# I love my husband and I want to please him....



## Asherah (Mar 16, 2011)

but we have a problem that I am having difficulty understanding. If I initiate sex he cannot maintain an erection. The only time maintaining seems to be an issue if I am the one initiating- so it is very hard for me not to think it's me. He seems fine if he is the initiator- although after several days in a row can have a little problem. We have only been married two years- the first year we spent apart because we were going through the immigration process. I want to make him happy- and for me that means pleasing him in every way possible. He of course gets very upset when this happens- he says he doesn't understand it etc etc etc. 
Any advice on this ? I know most men complain that their wives don't initiate enough. I did back off for awhile so we wouldn't have to go through the stress and frustration of it all- it is very upsetting- devastating in fact to me. I got the nerve up again last night- and he seemed to be responding okay ... but as soon as I climbed on top he started losing it.
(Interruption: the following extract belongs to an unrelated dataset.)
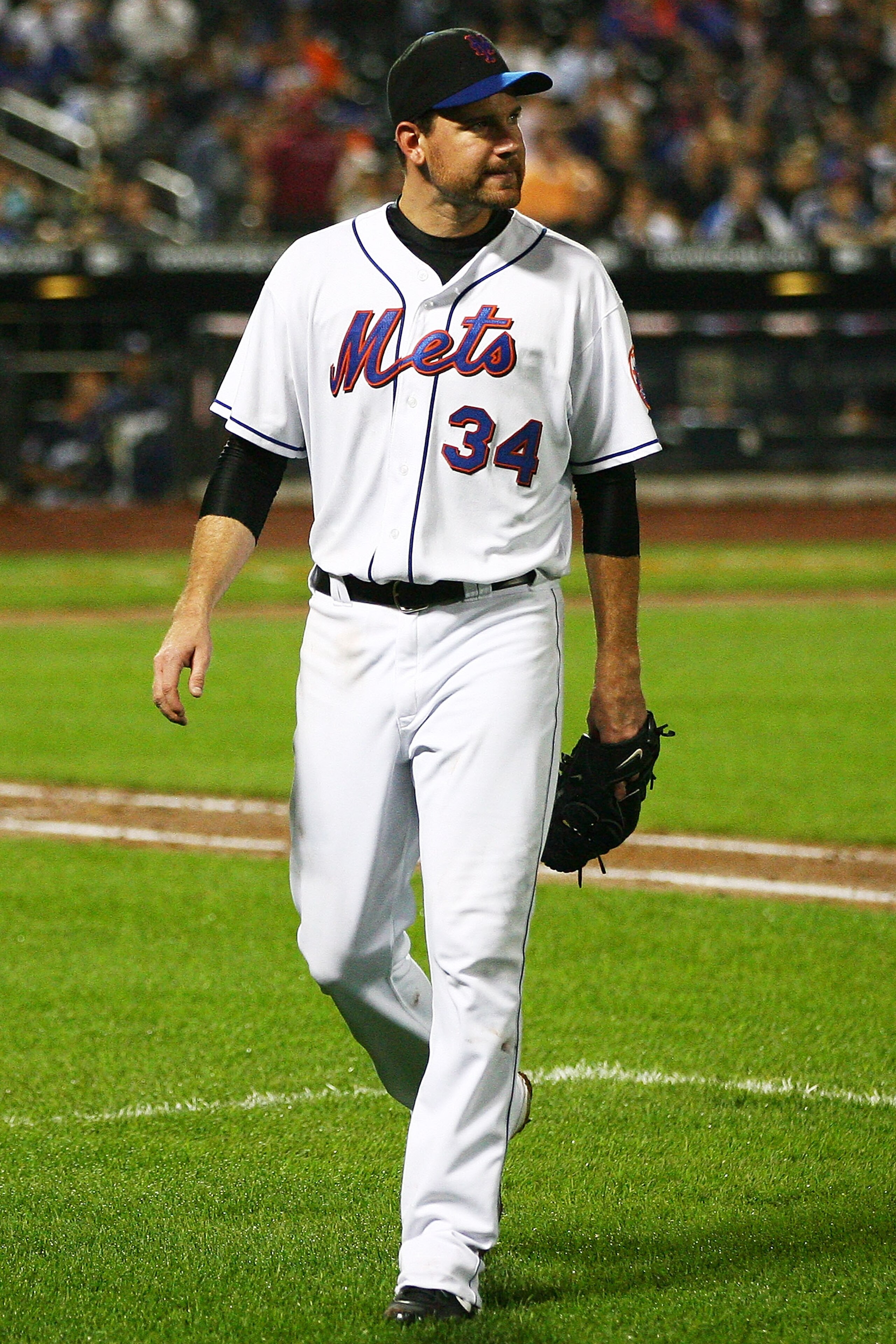 NEW YORK - SEPTEMBER 28:  Mike Pelfrey #34 of the New York Mets walks back to the dugout after pitching for eight innings against the Milwaukee Brewers on September 28, 2010 at Citi Field in the Flushing neighborhood of the Queens borough of New York City
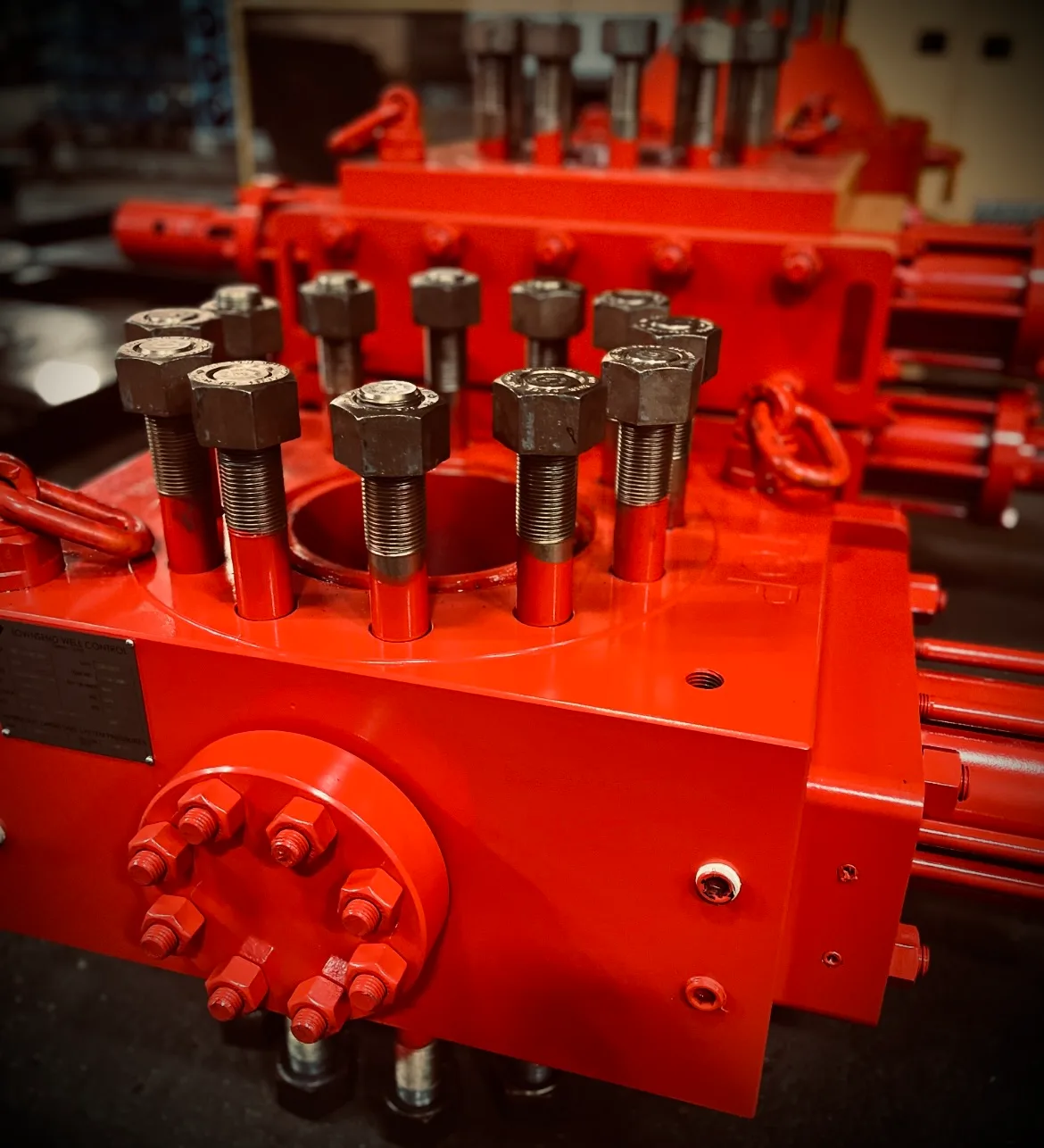 Townsend Well Control shear BOP, painted red, studs and ram housing close up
Please help- I don't have any idea what is wrong but I want to fix it.


----------



## Blanca (Jul 25, 2008)

How old are you guys? 

I had the same problem in my marriage. My H and I are in our twenties. My H also told me he didnt understand what was going on, that it was probably stress at work, low sex drive, etc. But I found a ton of porn on his computer and he later admitted to masturbating every day. That is why he couldnt get it up. 

I know what it can do to your self-esteem. I was incredibly hurt and resentful. He put me through so much when he could have just told me so I didnt have to go through all of that. The only thing I have found that helped is to stop initiating. It certainly is not ideal and is not a permanent solution but it is a short term solution until you can get your head on straight again.


----------



## Asherah (Mar 16, 2011)

Thanks Blanca-- I am 44 he is 38. Part of my job deals with IT so I am familiar with computers- nothing on any of ours. Not sure if he is masturbating - he says not (we have sex almost every day) - we have always been pretty open about sex and when we were living apart during immigration proceedings- indulged in mutual masturbation over the phone because we couldn't see one another. 
It seems to be related to me being the initiator - I look at least ten years younger- try to look good for him and am clean. I have gained a little weight but so has he. He just keeps saying its not me..... but it's hard to think otherwise when it only seems to be a problem when I take the lead. *Sigh*


----------



## Blanca (Jul 25, 2008)

My H seems to have a hard time getting it up if I initiate, too. He's not looking at porn anymore but I think he knows how much importance I place on him being able to get it up. There was a poster once that told me it can be really stressful for a guy to have to perform since its very obvious when they arent interested. 

But in the end Im with you - i think my H is just not that attracted to me. I think he is kind of attracted to me but not enough to have a wild sex life. He's attracted to me enough that when he wants sex he can get it up. 

How do you feel around your H in general? Does your H initiate sex in a lot of places? Mine only initiates at night when we are in bed. Every other time of the day he shows no sexual interest in me at all.


----------



## Asherah (Mar 16, 2011)

Any men have some input ? Have you ever experienced this when your wife has initiated ? or in general--- if you have had erection issues can you pinpoint a reason ? Thanks in advance....


----------



## MarriedWifeInLove (May 28, 2010)

I thought it was "me" too. What else can you think when YOU are the one that is invovled - hard not to take it personally.

I'm not really sure, even after all this time, exactly what my husband's problem is.

I think part of it is:

- Medication(s)
- Age
- High Blood Pressure
- TBI medical issues
- Alcohol
- Porn (possibly)

Don't know if he's masturbating a lot, could be, but don't know and he won't talk about it.

I do know that if he's not drinking at all, then he has little issue getting it up - keeping it up for a while, different story.

If he's drinking - forget it - with everything else it's not going to work no matter what. 

So I've come to the conclusion that it's just not me.

It's him, his issues, his mental block in getting over the ED hump (not letting it become the #1 issue, which he is).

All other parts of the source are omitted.